Polémique autour du génocide arménien
Le Parlement européen se prononce ce mercredi sur une résolution qui appelle Ankara à reconnaître le génocide arménien. Le président turc Recep Tayyip Erdoğan avait auparavant réfuté les propos du pape, les jugeant "absurdes". La Turquie montre une fois de plus qu'elle n'est pas prête à intégrer l'UE, estiment certains commentateurs. D'autres critiquent le caractère unilatéral des accusations de génocide.
Une raison de plus contre l'adhésion de la Turquie à l'UE
Les réticences d'Ankara à reconnaître le génocide arménien constituent l'occasion de mettre un terme au processus d'adhésion de la Turquie à l'UE, estime le quotidien libéral-conservateur Corriere della Sera : "Il est temps de reconnaître que la Turquie ne peut intégrer l'UE et de dire clairement que les raisons à cela sont profondément laïques et politiques. La Turquie se considère aujourd'hui comme une puissance régionale. En tant que telle, elle n'est pas prête à contenir ses aspirations et ses ambitions au sein du cadre défini par les intérêts partagés par les pays européens. De ce point de vue, elle ne peut d'aucune façon être assimilée à un simple pays membre de l'Union. Avec la Turquie, il faudra trouver un mode relationnel important et riche de contenus, mais différent d'une adhésion à l'UE. Une telle perspective permettrait de clarifier et de simplifier les choses, y compris la critique du génocide arménien."
Les chrétiens n'ont pas été les seules victimes
Le commentaire du pape sur le génocide arménien élude le fait que la chute de l'Empire ottoman a connu d'autres massacres, notamment ceux de musulmans, perpétrés par les Russes, souligne le quotidien libéral anglophone Hürriyet Daily News : "Toutes ces horreurs se sont produites à un moment où cette région du monde traversait une période bien sombre, caractérisée par le délabrement douloureux d'un empire et par des combats sans pitié pour en contrôler les territoires.
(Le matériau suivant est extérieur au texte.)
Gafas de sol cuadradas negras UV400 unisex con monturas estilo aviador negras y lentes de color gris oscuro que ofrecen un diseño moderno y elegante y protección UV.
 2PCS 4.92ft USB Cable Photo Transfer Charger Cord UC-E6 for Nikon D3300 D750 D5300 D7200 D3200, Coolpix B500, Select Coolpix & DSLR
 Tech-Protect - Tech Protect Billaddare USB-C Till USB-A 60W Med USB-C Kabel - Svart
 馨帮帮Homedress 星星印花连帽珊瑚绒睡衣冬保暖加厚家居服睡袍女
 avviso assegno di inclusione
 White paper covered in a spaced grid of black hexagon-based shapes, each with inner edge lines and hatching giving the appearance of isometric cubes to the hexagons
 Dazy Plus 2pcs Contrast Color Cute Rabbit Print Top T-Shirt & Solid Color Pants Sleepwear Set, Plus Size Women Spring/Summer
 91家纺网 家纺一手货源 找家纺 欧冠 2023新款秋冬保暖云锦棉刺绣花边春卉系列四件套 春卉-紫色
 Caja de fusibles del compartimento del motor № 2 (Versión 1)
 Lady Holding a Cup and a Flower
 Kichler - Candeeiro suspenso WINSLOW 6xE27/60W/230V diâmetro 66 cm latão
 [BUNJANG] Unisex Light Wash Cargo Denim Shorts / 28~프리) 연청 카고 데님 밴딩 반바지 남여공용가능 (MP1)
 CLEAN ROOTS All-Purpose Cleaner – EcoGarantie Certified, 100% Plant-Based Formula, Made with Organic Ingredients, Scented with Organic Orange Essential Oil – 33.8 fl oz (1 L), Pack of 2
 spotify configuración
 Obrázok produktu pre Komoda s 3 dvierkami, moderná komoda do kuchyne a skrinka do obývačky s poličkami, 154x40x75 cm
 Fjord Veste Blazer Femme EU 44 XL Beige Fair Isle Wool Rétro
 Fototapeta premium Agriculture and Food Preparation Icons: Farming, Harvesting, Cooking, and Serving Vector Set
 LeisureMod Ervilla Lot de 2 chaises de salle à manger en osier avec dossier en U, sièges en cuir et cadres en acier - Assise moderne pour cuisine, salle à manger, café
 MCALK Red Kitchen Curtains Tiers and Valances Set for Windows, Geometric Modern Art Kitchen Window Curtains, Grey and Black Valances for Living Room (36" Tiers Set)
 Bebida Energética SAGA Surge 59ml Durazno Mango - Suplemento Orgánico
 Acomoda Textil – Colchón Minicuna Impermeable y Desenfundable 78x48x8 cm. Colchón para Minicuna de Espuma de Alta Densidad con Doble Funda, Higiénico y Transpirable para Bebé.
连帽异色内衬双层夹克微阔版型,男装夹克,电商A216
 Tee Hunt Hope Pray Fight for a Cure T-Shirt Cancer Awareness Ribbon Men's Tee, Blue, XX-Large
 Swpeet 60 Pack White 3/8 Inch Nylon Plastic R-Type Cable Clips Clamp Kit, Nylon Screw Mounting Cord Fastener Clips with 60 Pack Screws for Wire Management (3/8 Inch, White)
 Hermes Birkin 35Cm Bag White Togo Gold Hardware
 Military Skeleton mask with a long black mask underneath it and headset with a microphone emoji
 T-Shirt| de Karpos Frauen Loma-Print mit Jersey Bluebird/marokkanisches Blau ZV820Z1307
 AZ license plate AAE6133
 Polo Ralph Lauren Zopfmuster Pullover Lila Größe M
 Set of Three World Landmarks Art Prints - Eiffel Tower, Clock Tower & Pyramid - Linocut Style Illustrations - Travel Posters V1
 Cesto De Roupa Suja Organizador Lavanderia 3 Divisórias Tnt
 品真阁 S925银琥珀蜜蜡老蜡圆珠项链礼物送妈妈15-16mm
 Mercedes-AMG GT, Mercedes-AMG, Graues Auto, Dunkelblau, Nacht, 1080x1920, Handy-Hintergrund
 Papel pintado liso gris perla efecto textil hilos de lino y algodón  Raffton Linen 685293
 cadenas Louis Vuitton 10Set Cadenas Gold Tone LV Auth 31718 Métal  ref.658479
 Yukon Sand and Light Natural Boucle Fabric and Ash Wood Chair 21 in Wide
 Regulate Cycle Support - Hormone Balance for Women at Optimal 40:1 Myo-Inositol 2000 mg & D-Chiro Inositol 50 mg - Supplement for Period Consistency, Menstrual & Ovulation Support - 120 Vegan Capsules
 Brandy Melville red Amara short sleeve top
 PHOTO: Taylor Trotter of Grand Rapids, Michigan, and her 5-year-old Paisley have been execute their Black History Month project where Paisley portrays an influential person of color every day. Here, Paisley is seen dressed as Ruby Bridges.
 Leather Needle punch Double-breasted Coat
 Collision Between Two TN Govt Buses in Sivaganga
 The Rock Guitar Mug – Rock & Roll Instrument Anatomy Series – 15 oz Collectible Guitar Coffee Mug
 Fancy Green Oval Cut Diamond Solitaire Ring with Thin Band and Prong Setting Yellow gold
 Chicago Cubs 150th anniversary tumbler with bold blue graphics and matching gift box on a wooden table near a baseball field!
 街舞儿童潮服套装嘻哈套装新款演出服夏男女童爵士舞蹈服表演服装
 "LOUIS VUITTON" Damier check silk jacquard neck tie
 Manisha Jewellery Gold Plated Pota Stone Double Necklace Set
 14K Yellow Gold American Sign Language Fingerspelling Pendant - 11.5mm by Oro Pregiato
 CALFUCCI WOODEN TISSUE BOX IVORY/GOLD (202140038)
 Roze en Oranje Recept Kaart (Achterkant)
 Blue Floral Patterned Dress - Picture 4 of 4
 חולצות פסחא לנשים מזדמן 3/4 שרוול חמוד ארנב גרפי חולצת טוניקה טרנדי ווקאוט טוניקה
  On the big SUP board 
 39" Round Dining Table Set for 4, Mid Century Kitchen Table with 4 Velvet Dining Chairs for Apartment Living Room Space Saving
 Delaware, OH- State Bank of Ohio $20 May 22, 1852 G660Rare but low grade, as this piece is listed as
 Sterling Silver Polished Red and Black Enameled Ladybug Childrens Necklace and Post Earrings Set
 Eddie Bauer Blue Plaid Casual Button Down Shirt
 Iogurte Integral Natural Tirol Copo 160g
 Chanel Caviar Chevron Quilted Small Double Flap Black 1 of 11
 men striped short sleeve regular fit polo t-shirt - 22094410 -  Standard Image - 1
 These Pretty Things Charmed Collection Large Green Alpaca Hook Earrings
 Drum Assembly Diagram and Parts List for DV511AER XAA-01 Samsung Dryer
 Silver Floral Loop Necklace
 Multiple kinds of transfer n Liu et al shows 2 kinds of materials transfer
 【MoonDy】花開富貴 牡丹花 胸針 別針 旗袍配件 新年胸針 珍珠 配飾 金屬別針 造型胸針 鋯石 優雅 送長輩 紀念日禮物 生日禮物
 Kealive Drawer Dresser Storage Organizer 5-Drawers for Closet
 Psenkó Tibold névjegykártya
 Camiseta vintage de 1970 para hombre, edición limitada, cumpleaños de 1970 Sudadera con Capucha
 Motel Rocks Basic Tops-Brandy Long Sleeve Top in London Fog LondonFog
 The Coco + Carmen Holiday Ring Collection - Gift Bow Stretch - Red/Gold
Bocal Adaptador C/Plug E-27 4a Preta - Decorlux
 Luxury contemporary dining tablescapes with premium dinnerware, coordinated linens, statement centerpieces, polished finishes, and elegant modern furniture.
Nous autres musulmans avons terriblement souffert, et infligé aussi de terribles souffrances à d'autres, notamment les Arméniens. Ce sont ces évènements douloureux pour les deux camps, qui expliquent le réflexe aussi réactionnaire des Turcs face aux déclarations sur le 'génocide arménien'. Ils ont le sentiment que les Arméniens sont les seules victimes prises en compte. Pour résoudre cette énigme, nous devons travailler en Turquie à sensibiliser à la tragédie des Ottomans arméniens. En contrepartie, le monde peut nous aider à cultiver le souvenir de la tragédie qu'ont connue les Ottomans musulmans."
Le pape François donne une voix aux Arméniens
Par ses propos sur cette question politique délicate, le souverain pontife a donné à la souffrance des Arméniens l'attention que celle-ci méritait, écrit le quotidien de centre-gauche El País, saluant le pontificat de François. En l'espace de quelques mois, celui-ci aurait fait du Vatican "un acteur influent de la politique internationale, comme on ne l'avait plus vu depuis le début du pontificat de Jean Paul II. Après des années, la voix du pape est à nouveau entendue par les décideurs de la planète. … Le chef de l'Eglise catholique est l'un des dirigeants mondiaux les plus en vue et il se sert de ce poids pour aborder des questions d'importance internationale. Le génocide arménien en est un bon exemple. Sans son plaidoyer de dimanche, la commémoration des 100 ans de ce drame, l'un des plus sombres épisodes du XXe siècle, n'aurait jamais bénéficié d'autant d'attention. Dans un monde par trop bruyant, nous avons besoin de voix influentes qui, comme aujourd'hui, ont le mérite d'être entendues."